• DATASET EXTRACT
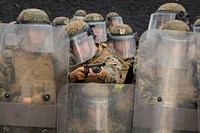 Marines with Echo Battery, Battalion Landing Team, 2nd Battalion, 5th Marines, 31st Marine Expeditionary Unit and military police with Combat Logistics Battalion 31, 31st MEU, conduct non-lethal weapons training at Camp Hansen, Okinawa, Japan, Dec. 29, 2016.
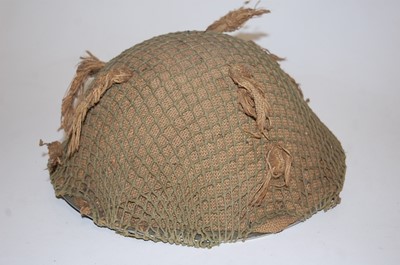 Lot 95 - A WW II steel turtle helmet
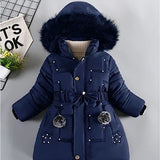 Navy blue winter coat with fur hood on a light gray background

• THE TASK
Set the pictures aside and reproduce the data above exactly.

• TASK OUTPUT
 Marines with Echo Battery, Battalion Landing Team, 2nd Battalion, 5th Marines, 31st Marine Expeditionary Unit and military police with Combat Logistics Battalion 31, 31st MEU, conduct non-lethal weapons training at Camp Hansen, Okinawa, Japan, Dec. 29, 2016.
 Lot 95 - A WW II steel turtle helmet
 Navy blue winter coat with fur hood on a light gray background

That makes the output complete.